What is Integrative Veterinary Medicine?

Integrative veterinary medicine is a comprehensive medical approach to pet and animal health care that combines conventional medicine and complementary/alternative therapies. This type of veterinary practice focuses on treating the whole animal, the partnership between the client and the veterinarian, and the use of all appropriate therapeutic options to achieve optimal wellness for your pet or animal. It encompasses many different therapies, including acupuncture, spinal manipulation therapy (animal chiropractic), homeopathy, herbal therapy, nutrition, and reiki. The development of a treatment plan takes into account the whole picture of the animal, environment, disease patterns, diet, and relationship with the owner. This integrative approach to veterinary medicine is designed to minimize adverse effects, maximize successful treatment outcomes, and improve the quality of life of the patient.  

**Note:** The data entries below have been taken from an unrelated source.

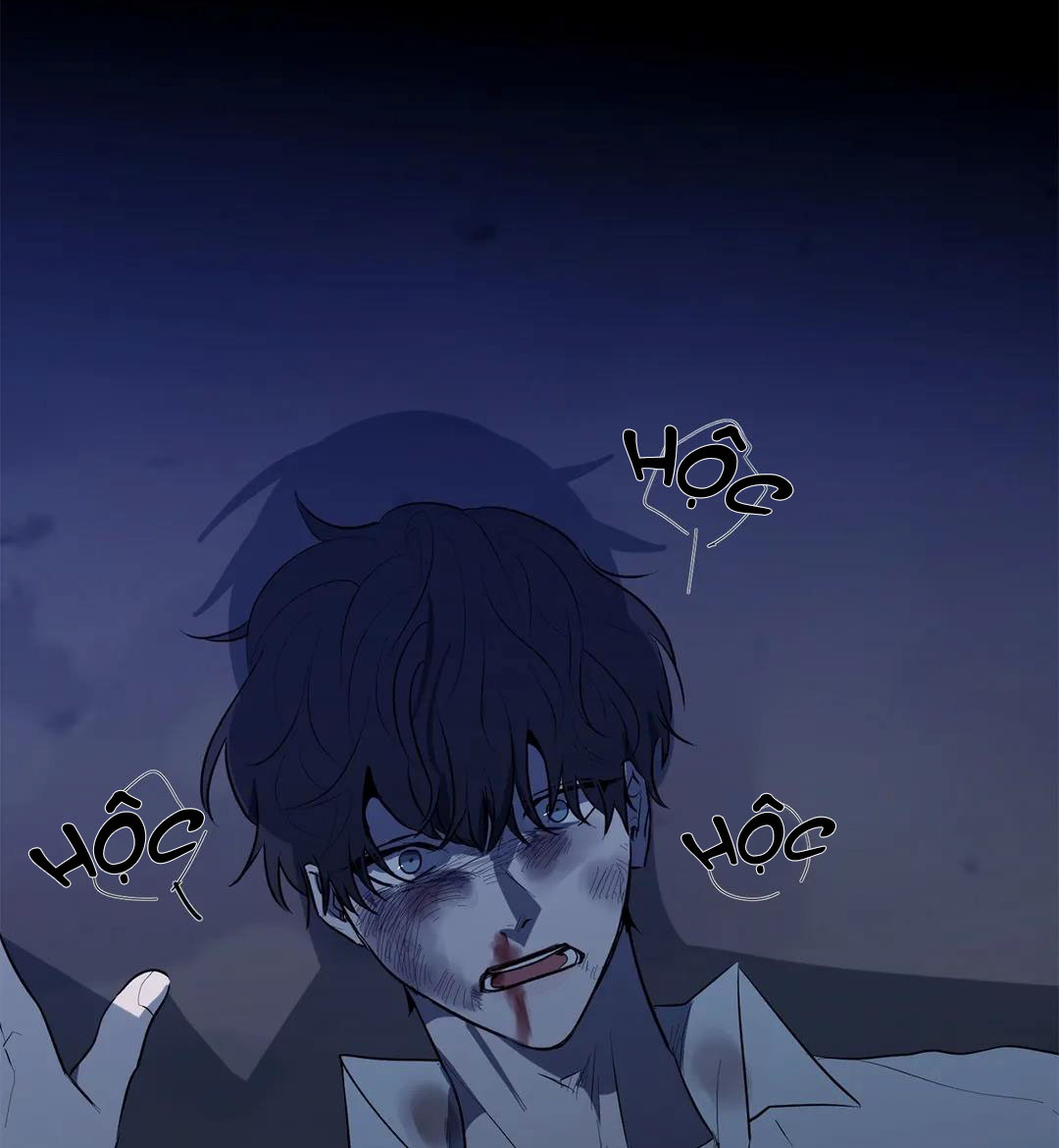 Đọc truyện Bảo Vệ Em - Chapter 41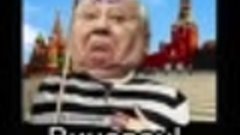 А. Фурсов- Горбачёв,Чубайс и Ельцин-хуже Гитлера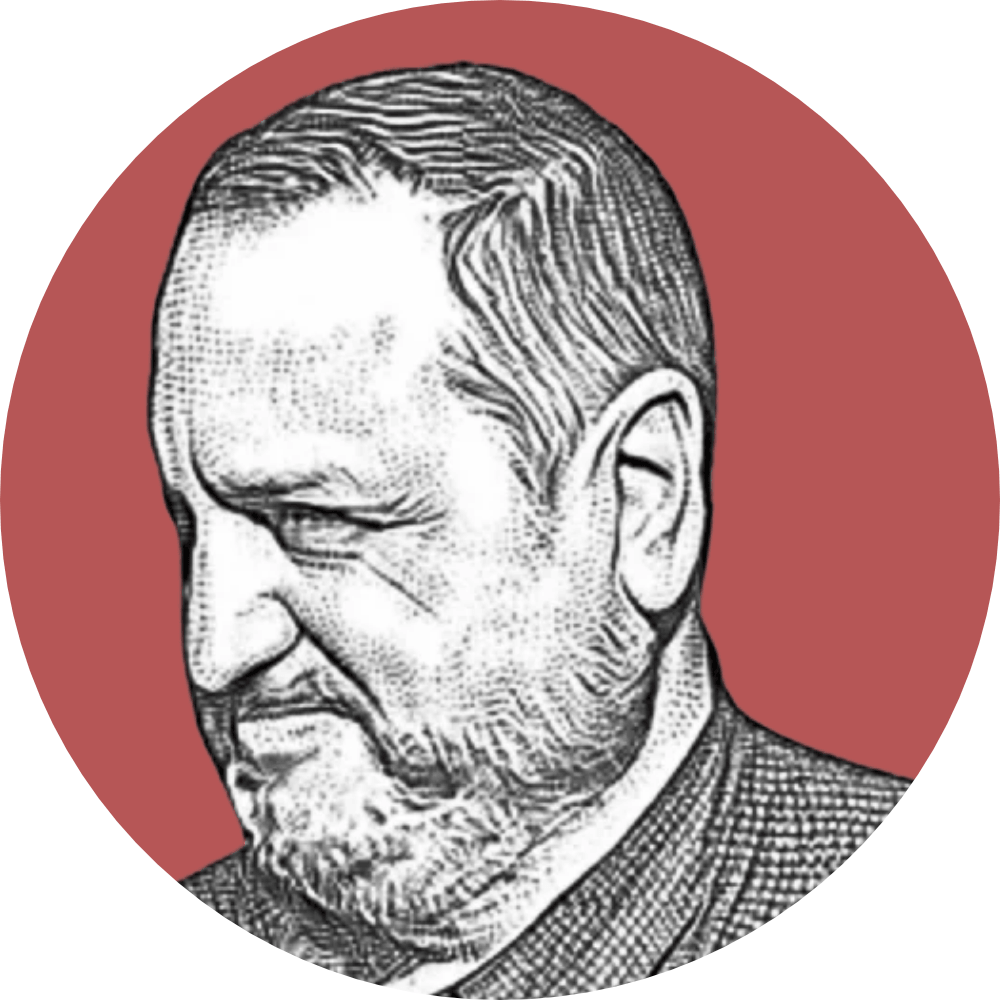 Jordi Picazo - Hedcut.png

How is seeing Dr. Theisen different from seeing my regular veterinarian?

Dr. Theisen's practice specializes in complementary therapies including Acupuncture, Veterinary Spinal Manipulation Therapy (Animal Chiropractic), Laser Therapy, PEMF therapy, Tui-na, Homeopathy, and Traditional Chinese Veterinary Medicine Herbal and Food Therapy.  While many conditions benefit from these therapies, there are times when conventional western medicine is essential. Dr. Theisen does not perform surgery or vaccinations nor does she offer hospital stays. Her patients that require conventional therapies and/or diagnostics (i.e. bloodwork, radiographs, ultrasound) are referred back to their regular conventional Veterinarian.  Dr. Theisen will gladly work together with your primary care veterinarian in developing the best integrative treatment plan for your pet or horse.  

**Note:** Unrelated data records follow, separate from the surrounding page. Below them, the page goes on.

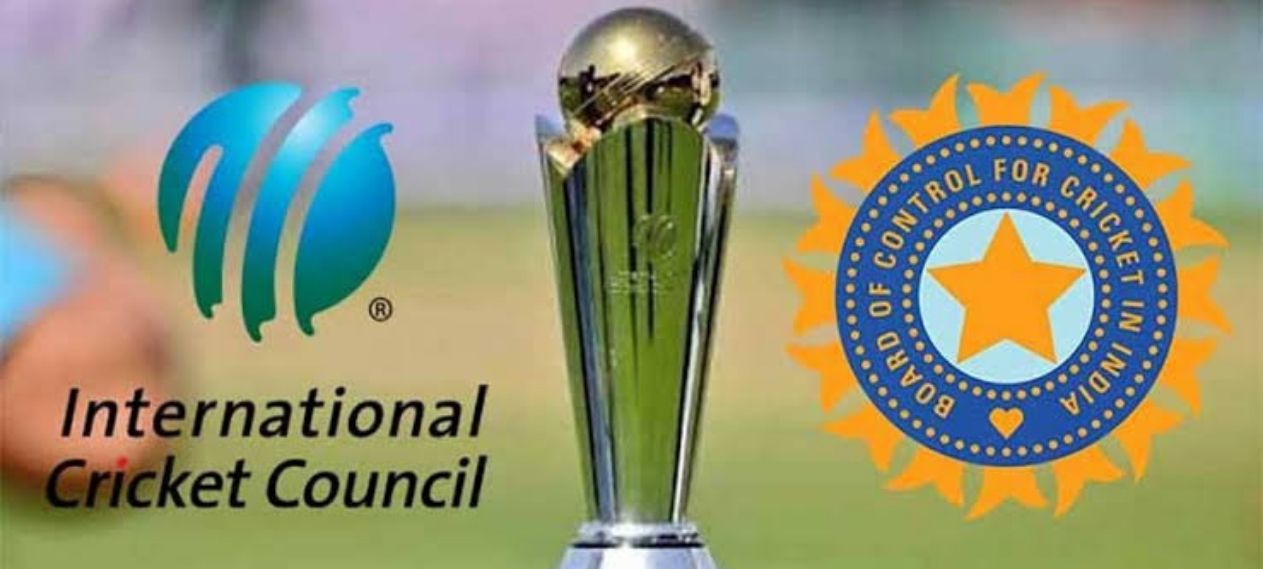 India to Host Inaugural ICC Women’s Champions Trophy in 2027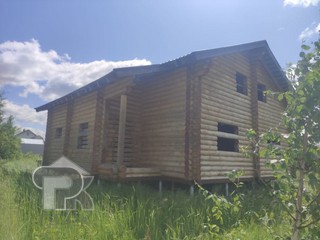 Купить дом, №386058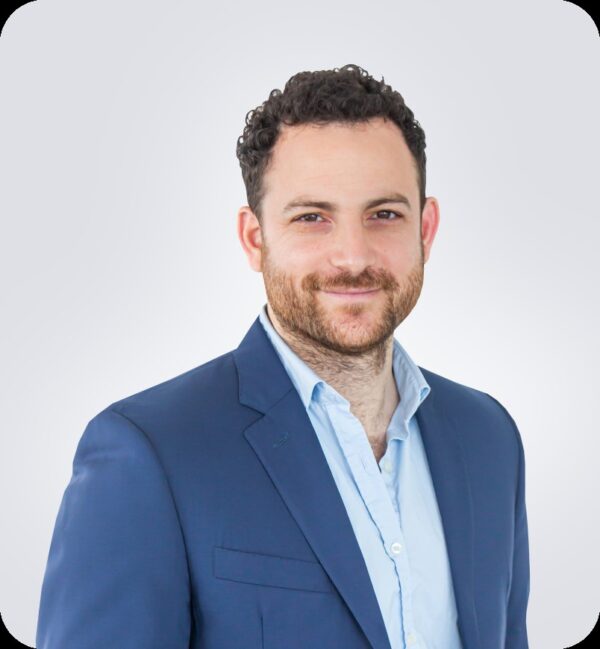 , Cato Networks Names Eyal Heiman Chief Technology Officer as Company Expands AI-Powered Platform and Global R&#038;D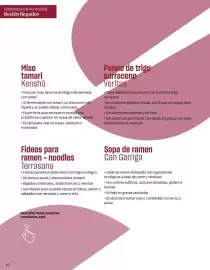 Catálogo Veritas Página 16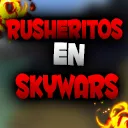 «🐧» PiguiSitos Subs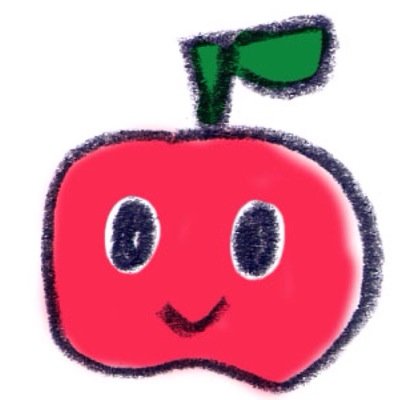なにもかんがえられない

What can I expect during my visit?

In Traditional Chinese Veterinary Medicine each patient is treated as an individual.  Great emphasis is placed on a detailed history.  You will be asked to complete a history questionnaire about your pet prior to your visit.  After a detailed examination which includes review of any medical history and TCVM tongue & pulse diagnosis, a treatment plan will be discussed and started at your first appointment.  Generally, a combination of acupuncture, veterinary spinal manipulation, laser therapy, food therapy, homeopathy, and Chinese herbal medicines are prescribed.  Different Tui-na massage  techniques as well as stretching exercises may be recommended to be done at home as part of the your pet or horse's treatment plan.